# WORK TO BE COMPLETED:
Of the records that follow, copy only the lines from the line containing "Bộ VHTTDL: Cải cách" to the line containing "Hotel Acacias Suites", both included, exactly as written.
### INFORMATION
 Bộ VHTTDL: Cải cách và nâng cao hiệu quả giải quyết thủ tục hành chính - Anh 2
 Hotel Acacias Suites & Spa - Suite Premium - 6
######
### INFORMATION
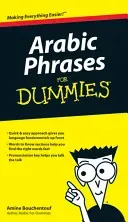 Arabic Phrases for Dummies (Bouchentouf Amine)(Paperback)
######
# RESPONSE TO THE TASK:
 Bộ VHTTDL: Cải cách và nâng cao hiệu quả giải quyết thủ tục hành chính - Anh 2
 Hotel Acacias Suites & Spa - Suite Premium - 6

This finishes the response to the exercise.